Shenanigans In CS Homework

As a computer science undergrad, one of topics of study that stands out in my memory is sorting algorithms. This makes some sense as sorting can be a very costly operation, and it serves as a great McGuffin to introduce asymptotic analysis.

So there we sat: Merge, Quick, Heap, (we do not speak of Bubble) – we analyzed them all. We coded various implementations. And then, we did something interesting. We actually ran heavy loads through our implementations and compared the results.

We would compare our own implementations of – say – Heap and Merge sort to determine under what circumstances one would outperform the other.
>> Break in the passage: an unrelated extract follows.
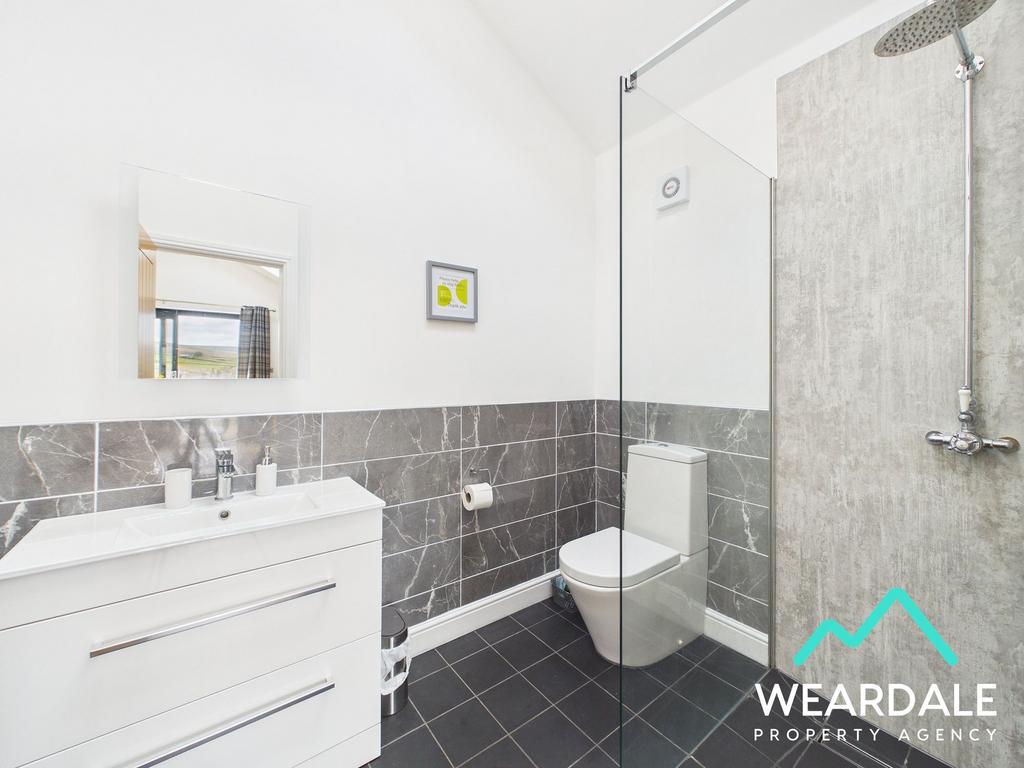 Cottage - Bathroom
We also compared across students – who's Quick was quickest?

This was the biggest learning experience for me: the constants make a difference.
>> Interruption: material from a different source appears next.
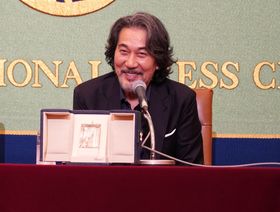 日本記者クラブでの会見で笑顔を見せるカンヌ国際映画祭 最優秀男優賞受賞の役所広司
As a refresher, asymptotic analysis (sometimes referred to as “Big O” analysis), drops any multiplicative or additive constants. Two algorithms – let's call them FooSort and BarSort – may actually run in O(nlgn + 10000) and O(2nlgn) respectively. However, both treated as running in O(nlgn).

There are excellent reasons for this (primarily, that the constants tend to represent implementation or environmental details and so aren't really helpful in measuring the pure, Platonic Ideal of a given algorithm). However, the book that goes into all the details is about 4 inches thick and I'm not feeling that wordy. If you're interested, check out Introduction To Algorithms by Cormen et.al.
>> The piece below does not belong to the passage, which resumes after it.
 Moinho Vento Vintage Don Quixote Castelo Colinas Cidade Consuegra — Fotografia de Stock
So this is what I mean about the constants making a difference. Those “implementation details” that the constants represent can be ignored in the strict CS sense. But when you're dealing with real clock cycles, they can make or break your program. Take FooSort and BarSort above. While both are O(nlgn), FooSort is going to be faster than BarSort after a certain break-even point because of those constants. So you, the programmer, have to choose between two options: given your average dataset, which of the algorithms is better? (Here, we're assuming that the Universe of sorting algorithms is {FooSort, BarSort}.)

Actually, you have a third option. Why sort at all?

This may sound like CS heresy, but hear me out and answer the question. If your answer is something like, “I need to find the smallest and largest elements of an array,” or, “I need to find all the blue widgets,” or anything where you're doing a simple scan after sorting, you're probably wasting your time.

Let's take finding the minimum value in an array of integers. Using sorting, the best we can do is O(nlgn) for the sort then O(1) for the access of either the first or last element (depending on how you sorted). All told though, this is O(nlgn) + O(1) = O(nlgn).

Now, let's not sort. Finding the minimum of an unsorted array requires looping through each element and just updating our minimum as we go. This can be done in O(n). O(n) < O(nlgn) => sorting is bad QED.

Okay, okay, joking – but only a little. The real takeaway is this, if you're just trying to get a simple answer from your data, then are throwing the data away (or even just getting a small number of answers from a small dataset), then you're probably better off not bothering to sort. Sorting makes sense when you're going to be doing extensive, repeated analysis of – or operations over – a given dataset and having it in sorted order will speed up those operations. Sorting for the sake of sorting though, is just a great way of generating heat (or coming up with homework, interview, and test questions).

Excercise for the reader: What are some concrete situations where sorting is essential. When does indexing become a better option?